The Muppet performers have a long legacy of staying with the characters over films, series, commercials, and shorts. Barretta’s going on 30 years, while Dave Goelz — who still performs Gonzo and Boober Fraggle, amongst others — has logged 45 years of Muppet miles. Barretta says their tight-knit community of performers is key in retaining Henson’s spirit throughout. 

“I think I learned through them a sense of who Jim was, even though I never got to work with him,” he explains. “I met him twice, but it's really what he passed on to all these other performers that you fit in that group. I've been fortunate in that I've learned a lot from each and how they approach things, but it all has the same root to it. And I think that's Jim's heart.”

Barretta says they made sure Jim's heart was infused in Muppets Now, along with the sense of fun that comes with their unscripted approach to the show. “I think the atmosphere of play and that all ideas and suggestions are valuable and valid was something that Jim loved to do as well,” he says. “[Jim] was open to any good idea. So, I really wanted [this] to be a very collaborative experience between the writers and the directors and the performers and the Muppet studio folks who were coming in, just making it feel very collaborative. And so, when people feel like we're moving into a 'new era' now — whatever that means — and that this is a 'new way,' I just think if you stay true to who the characters are, then the characters grow themselves, as we do. They're always growing and changing, but there's a little path that we all walk along that we know when you go too far and when you don't.”

Muppets Now Swedish Chef

Barretta says he’s very proud of what they’ve put forth in Muppets Now, and that the show is arriving at a time when everyone around the globe really needs what the Muppets have always provided so masterfully: lightness, fun, and wit.  

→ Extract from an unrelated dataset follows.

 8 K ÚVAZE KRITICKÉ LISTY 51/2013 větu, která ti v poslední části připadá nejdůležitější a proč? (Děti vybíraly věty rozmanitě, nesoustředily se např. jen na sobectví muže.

Asked to pick favorites, he offers, “Well, my favorite new character is Joe the lawyer. And I'm going to say that there are some really great moments in the 'Mup Close and Personal' segments. But it is hard to pick because, to be perfectly honest, there are some of the shows that, let's say we did four to six segments of each segment, so maybe my second one of the 'Okey Dokey Kookin'' is not my favorite, but I love a few things that happened in that one. So it's a mixed bag of all kinds of crazy, silly things that happen. And I think they each have a lot of fun in them. We’re all just so stupid... the good stupid.”